Он расслабился и со свистом выдохнул. Огляделся.
— Знаешь что? Я в этой больнице уже у кого-то кровь покупал.
— Какое совпадение.
— Некоторые фрицы кому хочешь фору дадут. Одна дамочка помнит изобретение парового автомобиля.
— Представляешь, сколько у нее всего в голове?
— У бабки ДНК, как у резиновой игрушки для собак. Она до четвертой мировой войны доживет.
— Уильям, а когда ты встречаешься с долгожителями и платишь за кровь, ты им какие-нибудь вопросы задаешь?
— Только медицинские: как относятся к выпивке, сигаретам, что едят, кем работали, были ли в роду долгожители.
— Есть у них что-нибудь общее?
— Все как один утверждают, что не волнуются по пустякам — и, как ни странно, недолюбливают овощи. Правда.
— Нет, я вот о чем: кто-нибудь рассказывал, как удается жить со всеми этими воспоминаниями?
— Никогда. Как правило, это или земледельцы, или жители маленьких деревушек, где не бывает особых событий. В городах до 105 не доживают, а до 110 — тем более.

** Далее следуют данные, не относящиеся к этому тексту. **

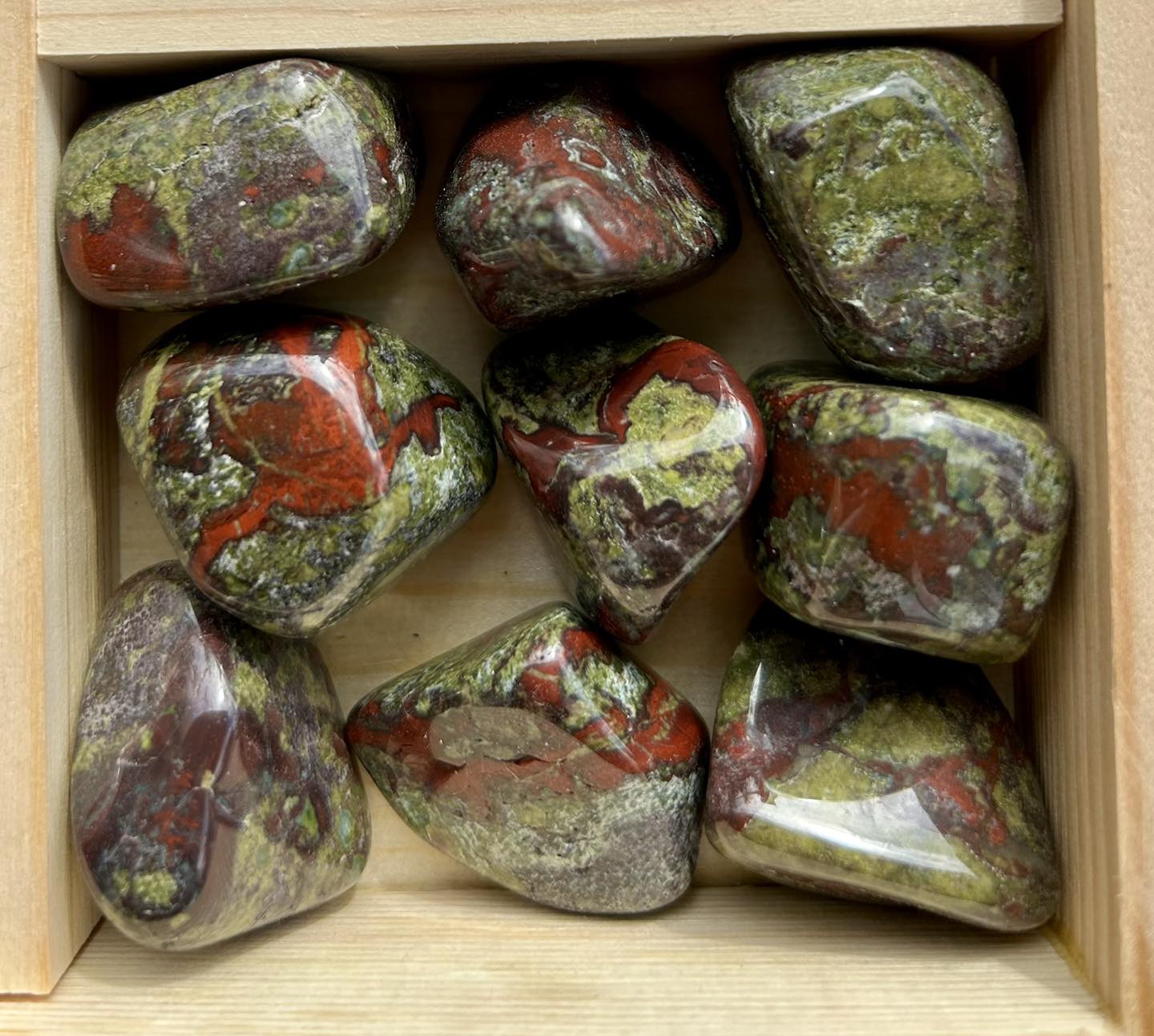 Dragon’s Blood Jasper Tumbles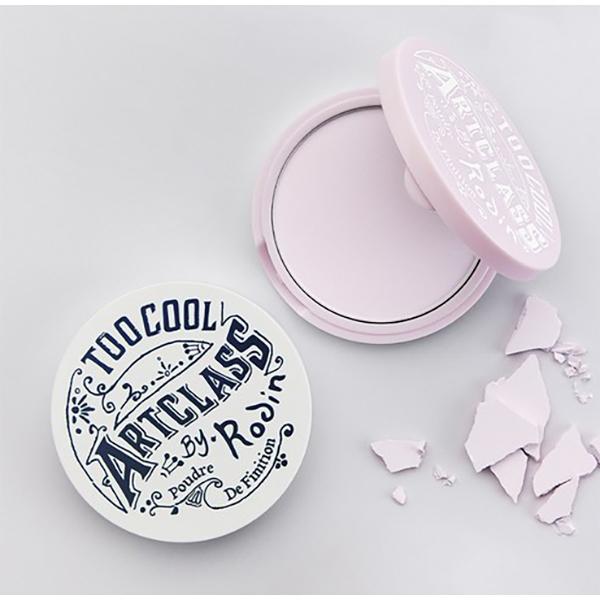 Too cool for school Artclass By Rodin Finish Setting Pact (4g) – Milky Violet Tone-Up Powder for Oil Control, Korean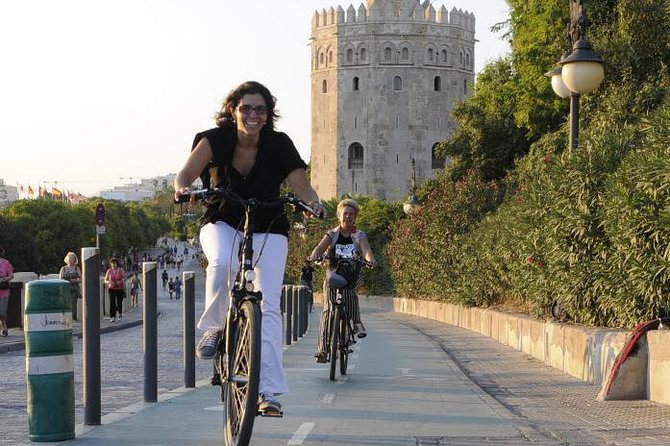 Seville Electric Bike Tour - Small Group - Plaza de España gets the spotlight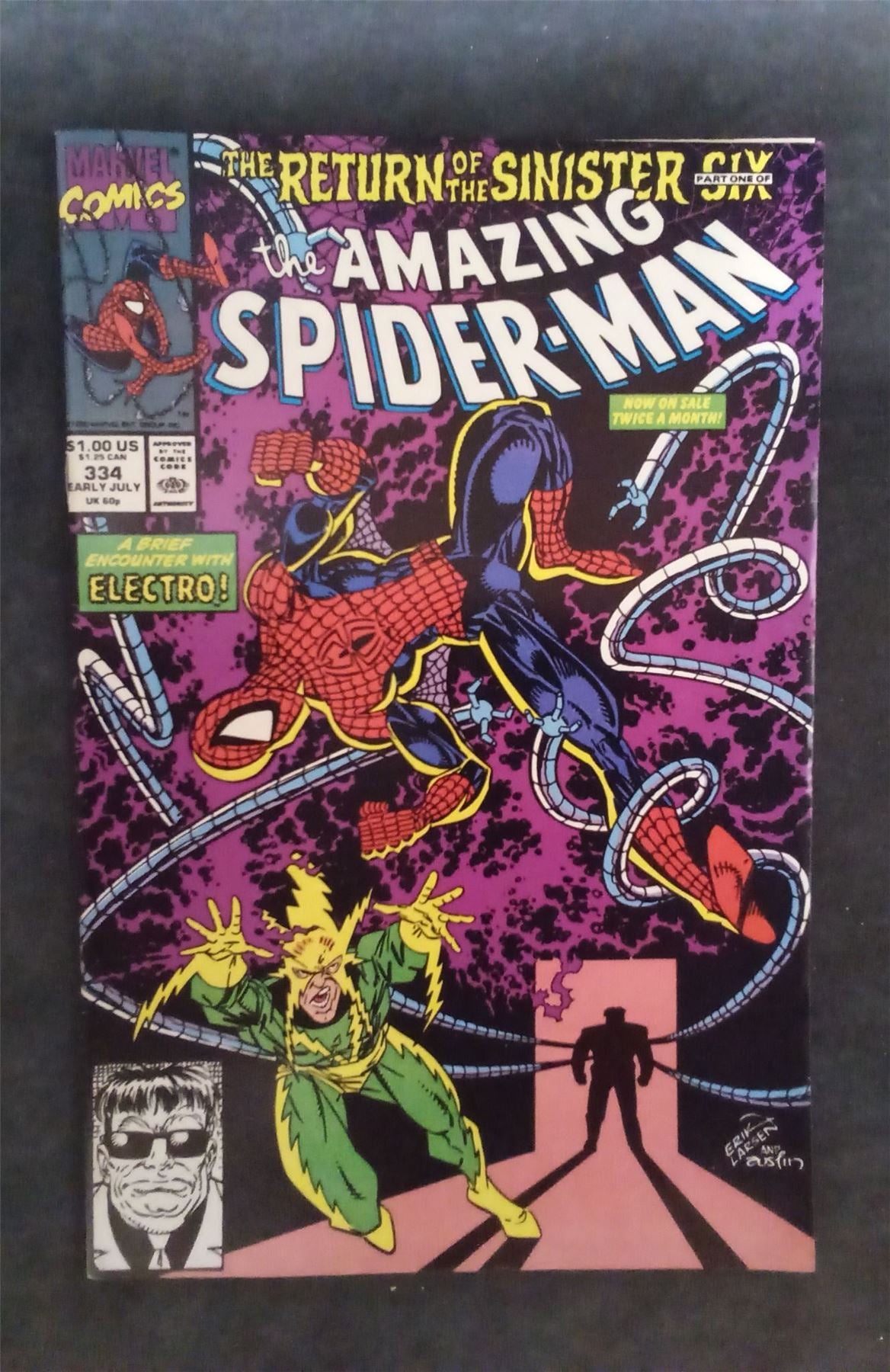 The Amazing Spider-Man #334 1990 marvel Comic Book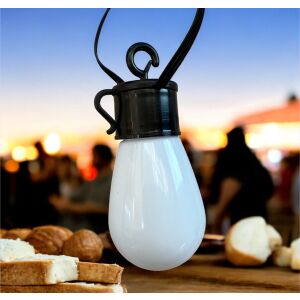 Okos gömb alakú fényfüzér 20 LED-es izzóval, távirányítóval, alkalmazásvezérléssel, FA-S14, állítható szín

— А ты обнаружил что-нибудь, что их всех объединяет?
— Мы подозреваем, что у них есть определенные гены-маркеры. Только знаешь, будущее за… э-э… другими типами клеток — но я тебе ничего не рассказывал. В общем, теперь мы не только кровь собираем. — Брат потер глаза, моргнул и сказал: — Мне надо поспать. Тебя сюда надолго упекли?
— Если дела пойдут хорошо, утром выпишут. У меня одежды нет — багаж захоронили как токсические отходы; придется все новое покупать.